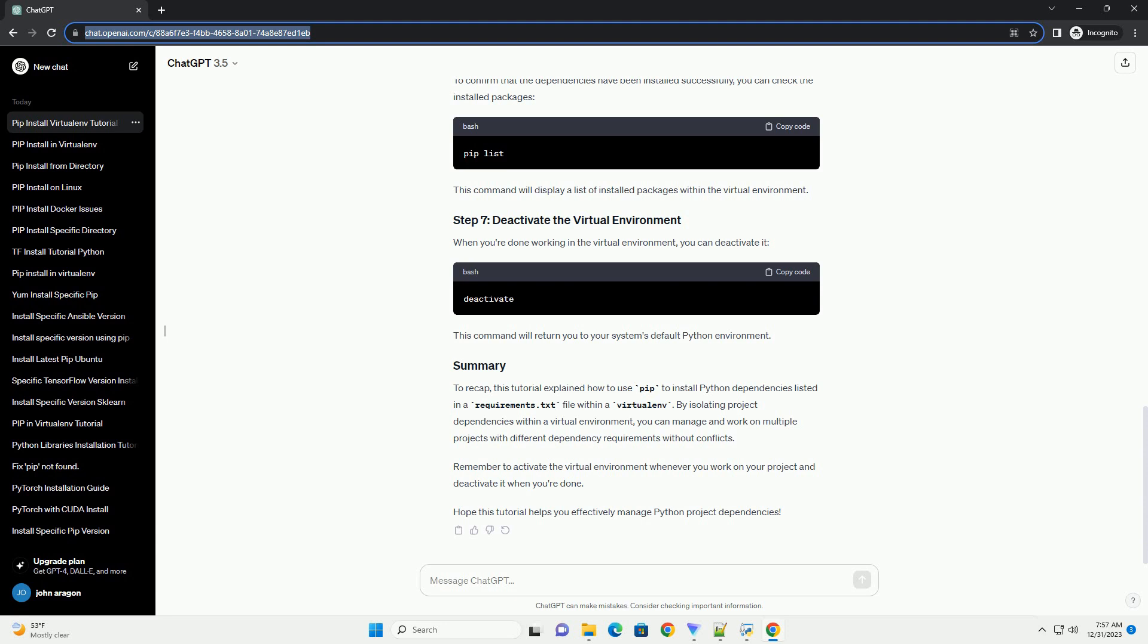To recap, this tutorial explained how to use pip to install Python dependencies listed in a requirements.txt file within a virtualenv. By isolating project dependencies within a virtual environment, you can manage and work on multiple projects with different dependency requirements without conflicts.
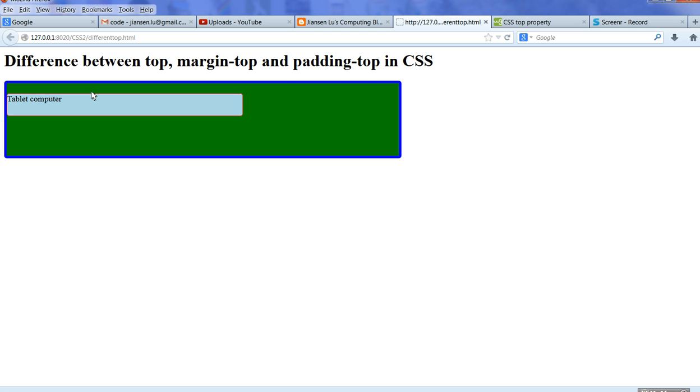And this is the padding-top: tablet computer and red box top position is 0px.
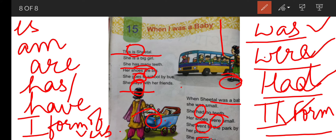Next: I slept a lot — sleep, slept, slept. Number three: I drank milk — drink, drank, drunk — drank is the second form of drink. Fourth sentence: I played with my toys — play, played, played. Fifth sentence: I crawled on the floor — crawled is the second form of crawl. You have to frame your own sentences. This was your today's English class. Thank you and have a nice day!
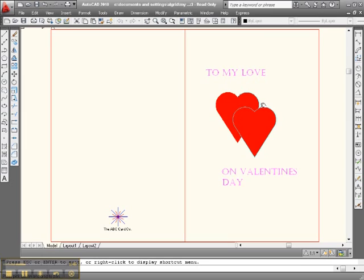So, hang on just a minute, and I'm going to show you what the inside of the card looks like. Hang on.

§ Task goal: Only one thing is required here: an exact copy of the lines from the one bearing "And this is" through the final line above, both included, with pictures left out.

§ Solution for this task:
And this is the padding-top: tablet computer and red box top position is 0px.
Next: I slept a lot — sleep, slept, slept. Number three: I drank milk — drink, drank, drunk — drank is the second form of drink. Fourth sentence: I played with my toys — play, played, played. Fifth sentence: I crawled on the floor — crawled is the second form of crawl. You have to frame your own sentences. This was your today's English class. Thank you and have a nice day!
So, hang on just a minute, and I'm going to show you what the inside of the card looks like. Hang on.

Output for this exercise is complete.